Get ready for the gun-manufacturer lawsuit that the Left has always wanted, courtesy of the Supreme Court. In a surprise decision, the court declined to hear an appeal by Remington in a lawsuit brought by survivors of the Sandy Hook massacre, which will allow their wrongful-death suit to proceed against the gunmaker. Despite the amicus briefs filed by the NRA, several states and two dozen Republicans on Capitol Hill, the court tacitly decided that the Protection of Lawful Commerce in Arms Act does not shield Remington in this instance — at least for now:

The Supreme Court said Tuesday a survivor and relatives of victims of the Sandy Hook Elementary School shooting can pursue their lawsuit against the maker of the rifle used to kill 26 people.

The justices rejected an appeal from Remington Arms that argued it should be shielded by a 2005 federal law preventing most lawsuits against firearms manufacturers when their products are used in crimes.

The court’s order allows the lawsuit filed in Connecticut state court by a survivor and relatives of nine victims who died at the Newtown, Connecticut, school on Dec. 14, 2012 to go forward.

The lawsuit says the Madison, North Carolina-based company should never have sold a weapon as dangerous as the Bushmaster AR-15-style rifle to the public. Gunman Adam Lanza used it to kill 20 first graders and six educators. It also alleges Remington targeted younger, at-risk males in marketing and product placement in violent video games. Lanza was 20 years old.

The court listed this case among its cert denials in orders this morning without any attached opinions. That in itself is curious. The court has a slight conservative majority, but it only takes four justices to grant cert. The fact that Remington and its allies couldn’t convince four members to hear an appeal based on the PLCAA sounds ominous not just for this lawsuit but for all the others it will now encourage. Just as ominous is the fact that this denial of cert prompted no justice on the court to write a dissent to the decision, as occasionally happens with other cert denials.

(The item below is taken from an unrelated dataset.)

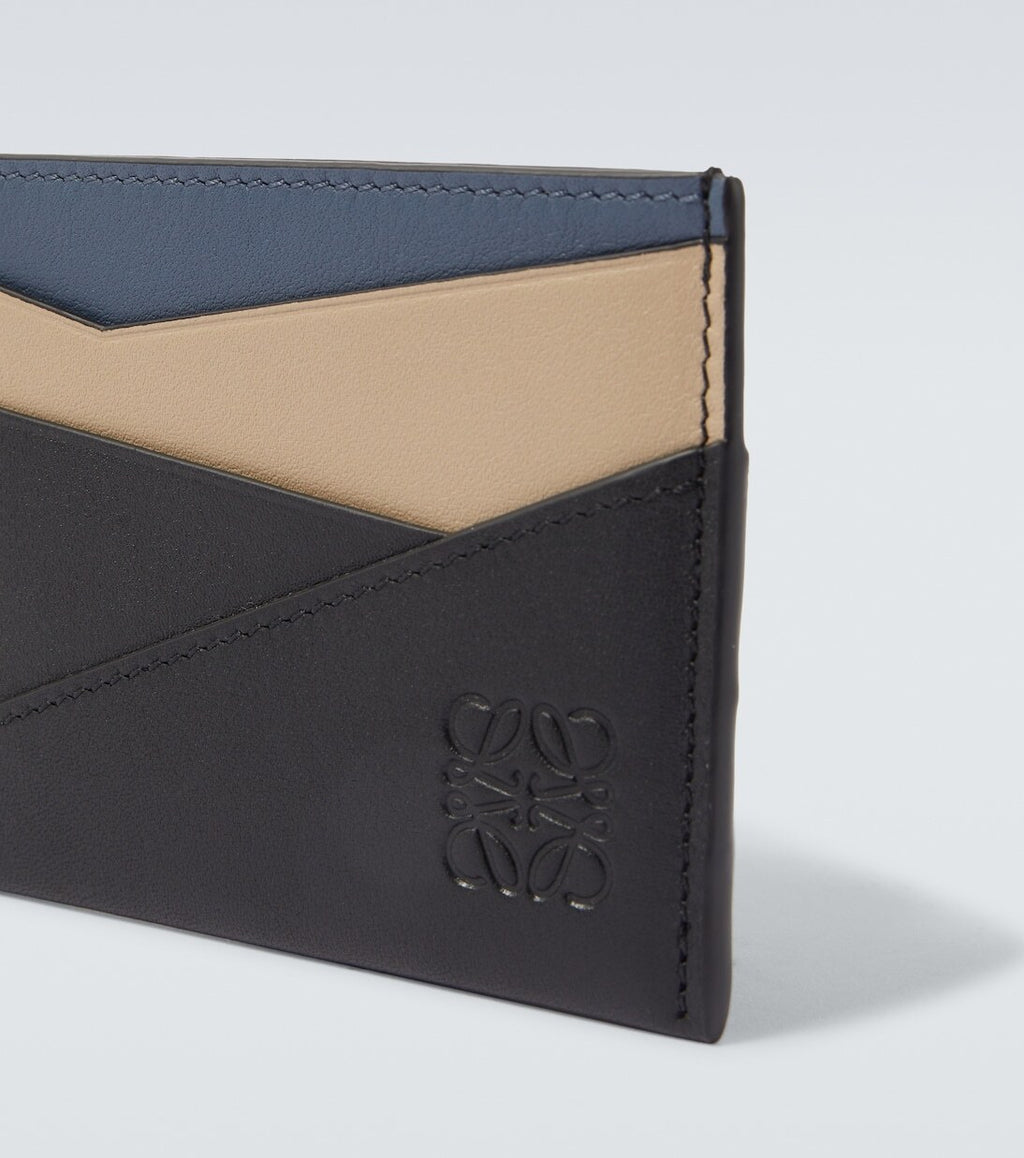 Winniemodo,Winnie modo,Loewe puzzle anagram leather card holder,Loewe card holder,Loewe card holder sale,Loewe puzzle card ho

This is still a preliminary move, and perhaps the court felt the issue was not yet ripe for their consideration. The PLCAA absolves firearms manufacturers from liability from crimes in almost all instances, but it does specify six exceptions to the exemption, so to speak. A 2012 analysis by the Congressional Research Service reviews those, and the third exception appears to be the case that the plaintiffs will make in the lawsuit:

Third Exception: An action in which a manufacturer or seller of a qualified product violated a state or federal law applicable to the sale or marketing of the product, and the violation was a proximate cause of the harm for which relief is sought including:

(I) any case in which the manufacturer or seller knowingly made any false entry in, or failed to make appropriate entry in, any record required to be kept under Federal or State law with respect to the qualified product, or aided, abetted, or conspired with any person in making any false or fictitious oral or written statement with respect to any fact material to the lawfulness of the sale or other disposition of a qualified product; or

(II) any case in which the manufacturer or seller aided, abetted, or conspired with any other person to sell or otherwise dispose of a qualified product, knowing, or having reasonable cause to believe, that the actual buyer of the qualified product was prohibited from possessing or receiving a firearm or ammunition under 18 U.S.C. § 922 (g) or (n).

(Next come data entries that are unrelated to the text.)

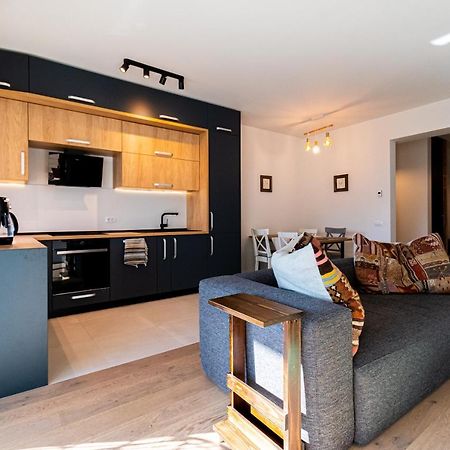 Mirador Bohemian Apt With Views Over Old Town And Tampa Mountain, Near Poiana บราชอฟ ภายนอก รูปภาพ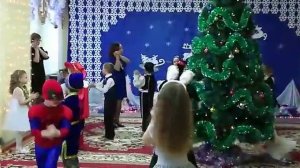 Садик ,,Сказка»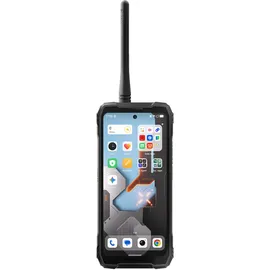 Blackview XPLORE 1 16 GB RAM 512 GB Black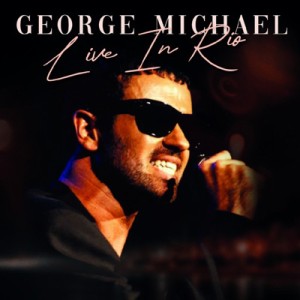 【CD輸入】 George Michael ジョージマイケル / Live In Rio (2CD) 送料無料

What’s curious about this is that even this exception has plenty of lower-court precedent running against the idea of this lawsuit, although at least as of 2012 the Supreme Court apparently hadn’t ruled on it. The 2nd Circuit dispensed with City of New York v Beretta, which tried to argue that the manufacturer had violated the criminal nuisance law with its marketing. The 9th Circuit (!) agreed in Ileto v Glock as well, regardless of whether the issue was criminal or tort laws. The only reasonably successful attempt in this exception took place in New York’s state courts in Williams v Beemiller, Inc, where the issue was a straw purchase facilitated by the respondents — which wouldn’t be the issue here.

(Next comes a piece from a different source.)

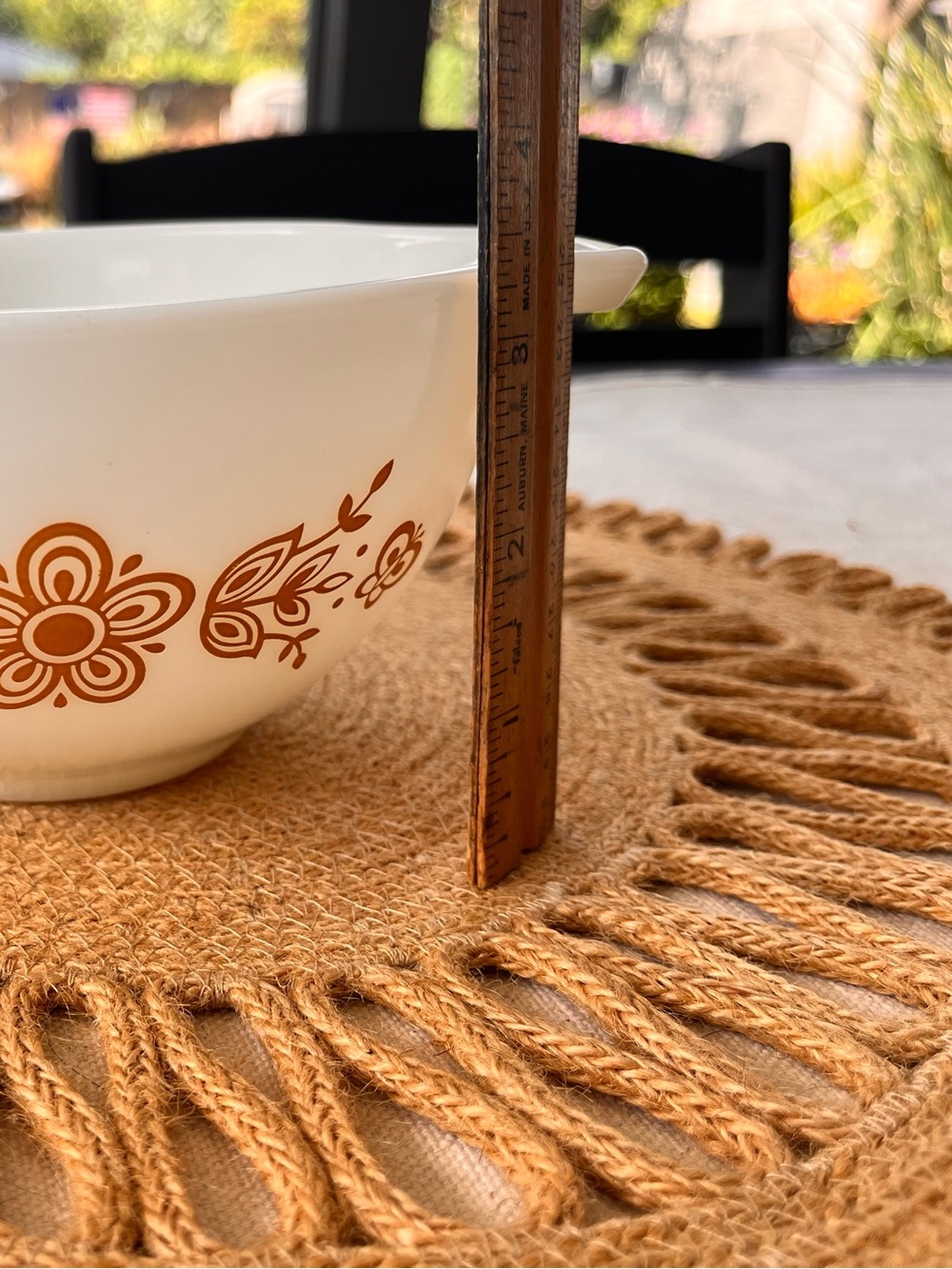 Vintage Pyrex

It’s possible that the Supreme Court wants to allow a court to find fact on this third exception, ie, whether or not Remington crossed a line with its marketing that is expressly prohibited by state or federal law. The plaintiffs are arguing that Remington’s marketing sold the gun on its ability to commit murder, which would indeed fall into that third exception — except that it seems very unlikely that that’s what drove the sale. Don’t forget that the shooter didn’t purchase the weapon in the Sandy Hook massacre; his mother did, and he murdered her to take it. That claim seems specious on its face, given that the murderer wasn’t the target of whatever marketing was used for the Bushmaster.

Still, that’s a matter for the court to decide now, thanks to this Supreme Court decision. The court’s choice to allow the lawsuit to proceed will encourage other plaintiffs to generate new rounds of litigation against manufacturers of so-called “assault weapons.” At some point, the court will have to rule on these cases anyway, which makes it curious why they’re so incurious now.